Jeanne Dee, her husband and their young daughter have been traveling the world for four years, RVing throughout Europe for most of the year and returning to Spain for some months. As such, their little girl is mainly homeschooled; they’re moving “base camp” to Asia so she can become fluent in Mandarin as she is in Spanish.

I’ve been a reader of Jeanne’s for years, loving their travel stories. But I admit that I disagreed with the concept of homeschooling. I was homeschooled until I was nine, and based on my experience, I’d never choose or recommend it. I’d been left to focus on what I liked at the expense of what I didn’t like or wasn’t introduced to, and that left an awful lot to catch up with. Obviously, my homeschooling wasn’t global, but nor was it structured or, in my opinion, done for the right reasons. So it’s with interest that I saw what homeschooling looked like when it’s done differently.

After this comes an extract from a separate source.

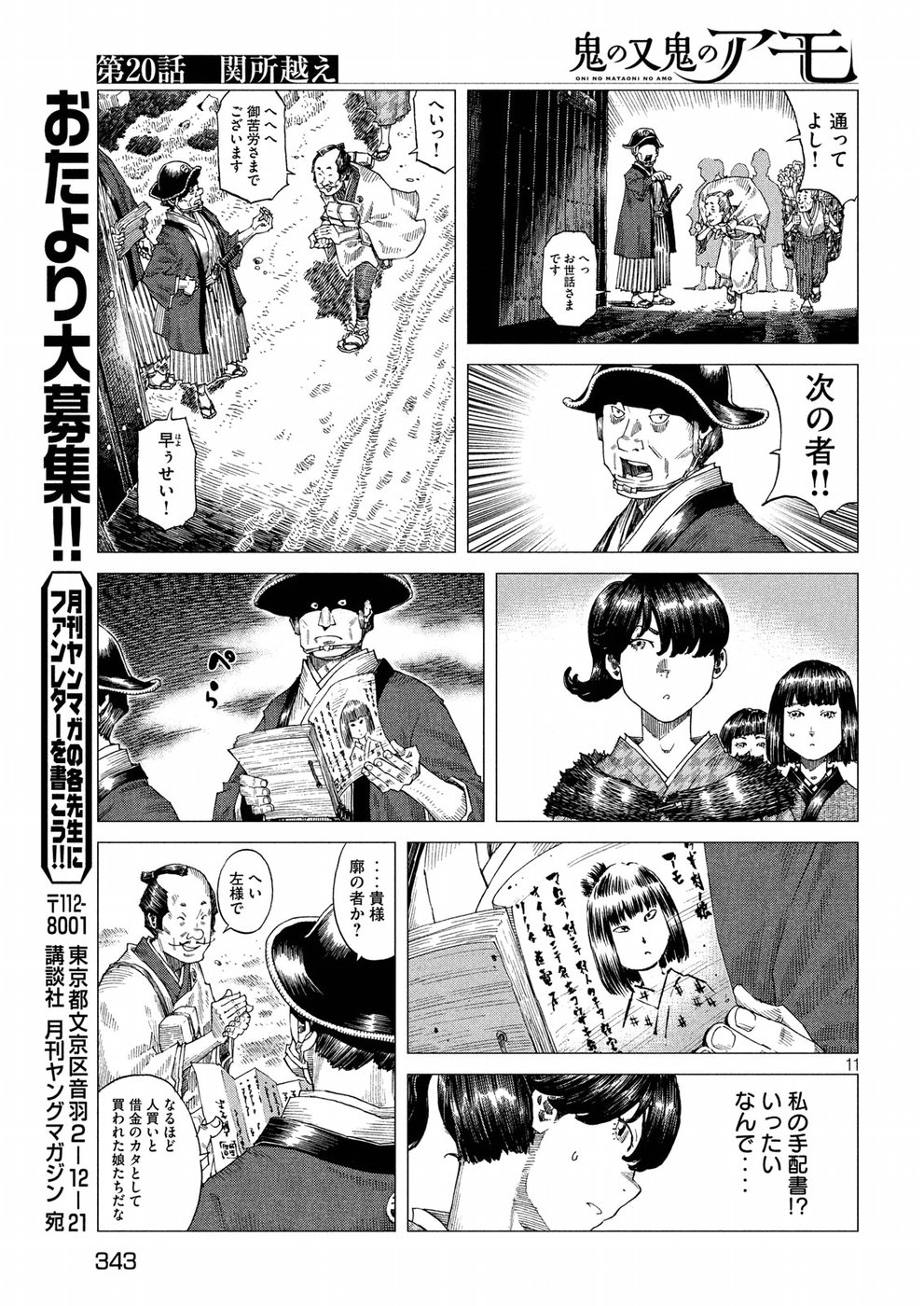 Oni no Mataoni no Amo - Chapter 20 - Page 11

That’s why I asked Jeanne if she’d talk a bit about her daughter and their experience. She was kind enough to agree, and I’ll be posting her interview as a series, edited very slightly. I don’t know if our conversation is changing my mind, but it’s certainly opening it up, and I do agree with Jeanne that that’s always an invaluable thing.

The first thing I wanted to know was how she and her husband decided to homeschool. Here’s what she had to say.

Like most parents, we were interested in doing what was best for our child. We see parenting as a big responsibility to be taken seriously, as we think it can contribute to peace on this planet, and each child can affect generations to come. For us, loving, peace and education go together.

I have a passion for education and child-rearing – innovative, brain-research-based studies and classical ways. I think no matter what method one chooses to educate a child (public, private, homeschool, virtual, unschool, combination, etc.) it’s always the parents’ responsibility, not a responsibility to foist on others blindly. I also believe in conscious conception and prenatal psychology, and was researching these things long before even meeting my husband. He is less of a researcher, but we are pretty much on the same page.

We chose to do this even before conception. As a monolingual, I’ve always been interested in raising a bilingual or trilingual child from birth, as it’s the easiest way to learn another language, has many advantages for the brain, and I think it will be important for global citizens in the 21st century to have the advantage of knowing several languages.

A baby starts to learn language at three months in utero. Thus, we started “homeschooling” even at that point. We are big believers in attachment parenting and the continuum concept. Those 9 months are a sacred time.

I think we are still answering the question of how to do this. It is not a static question. All parents “homeschool” their children for the first 5 or 6 years, whether they realize it or not, facilitating everything from walking to talking to routines like meals and brushing teeth. Parents are the first teachers. Thus, for us, it was never just one answer, but many answers that keep evolving as our child and family evolves. It is a conscious and value-based perspective and reminds me of this quote: “Be as steady as the north star and as flexible as the wind.”